TOKYO — Japanese executives expect rising industries such as services, communications and pharmaceuticals to take the leading role in China’s economy as steel and real estate fall behind, a quarterly survey of corporate leaders released Monday shows.
Of the heads of 145 major companies surveyed by The Nikkei, 67.6% said the economic slowdown is a drag on their operations, up 3.5 percentage points from the September survey. Of these, 70.4% cited a drop in sales, while 26.5% pointed to reduced output at Chinese plants.
Companies have begun to reduce their dependence on China in favor of expanding other overseas operations. Kobe Steel is putting off investment in boosting output of forged aluminum parts in China, while Daikin Industries plans to scale back production of household air conditioners there.
However, even with the slowdown, China still enjoys economic growth of around 7% a year. While 54.4% of respondents said the country’s economy is deteriorating, 16.6% said it is expanding, up from 8% in the previous poll. The drivers of the economy are shifting as Beijing pursues structural reform rather than focusing on growth alone.
On the question of what Chinese industries Japanese executives expect to see decline, the most frequent response was steel at 60%, followed by real estate and housing as well as construction at around 50% each. The most commonly cited growth industry was services at 57.2%, with information and communications ranking second at 51% and pharmaceuticals in third place at 40%.

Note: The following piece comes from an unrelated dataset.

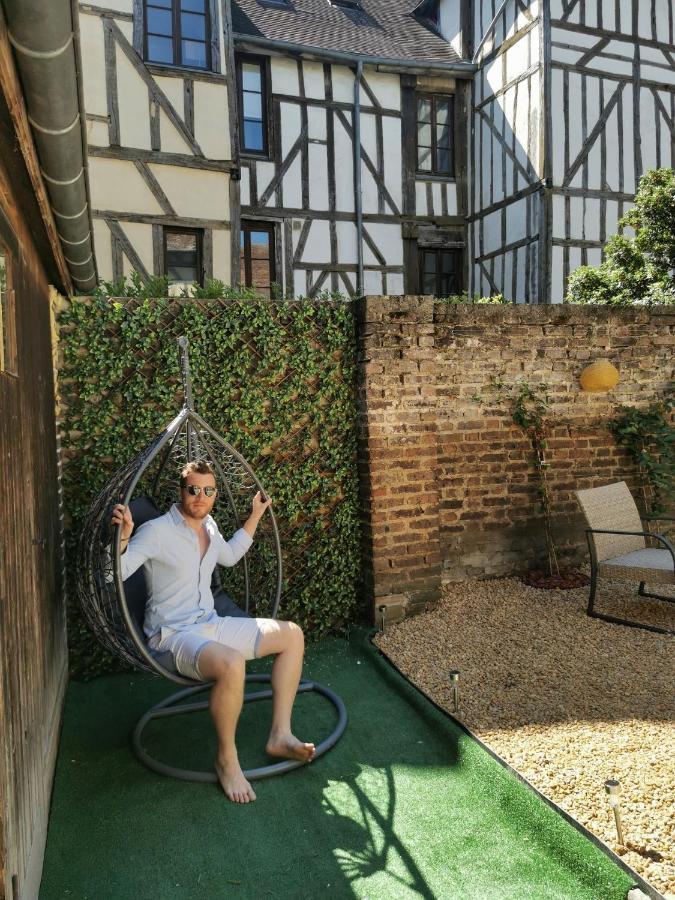 شقة Le Papillon De La Cathedrale - Calme - Jardin - Wifi تروي المظهر الخارجي الصورة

As for the Association of Southeast Asian Nations, 62.7% of respondents expect the ASEAN Economic Community, set to launch Dec. 31, to have a positive impact on their businesses. Indonesia was the top target for concentrated investment, mentioned by 35.9% of respondents, while Thailand was No. 2 at 30.3% and Vietnam third at 22.1%.
The bulk of respondents — 88.3% — support the Trans-Pacific Partnership trade pact with varying degrees of enthusiasm.
The poll also touched on corporate Japan’s record cash reserves. Of those surveyed, 44.8% intend to use their cash for shareholder returns, with the same number looking to pursue acquisitions. In light of corporate consolidation worldwide, many top officials view acquisitions as an important means to remaining competitive internationally.
The Japanese government’s appeals to boost wages do not seem to have swayed many executives. Just 14.5% of respondents intend to use their reserves to raise pay or otherwise reward employees. A total of 9% plan to increase base pay as much as or more than they did after this past spring’s wage talks. Meanwhile, 42.8% said they were uneasy about the pressure from the government.
Business leaders are growing more confident about Japan’s economy. Asked how the economy has changed over the past six months, 68.9% said it has improved or shown signs of improvement, up 8.1 points from the previous poll. The Nikkei Stock Average will be at 20,000 or higher in three months, 62.1% of respondents said, with 16.6% of those seeing it at or above 21,000.
Executives’ appetite for capital spending has grown. Asked about their plans for the next three years, 35.9% of respondents said they will ramp up capital spending overseas, while 34.5% said they intend to invest more at home and 25.5% expect spending to be flat. Just 2.1% plan to reduce domestic or foreign investment.
The quarterly survey was conducted between Dec. 2 and Friday.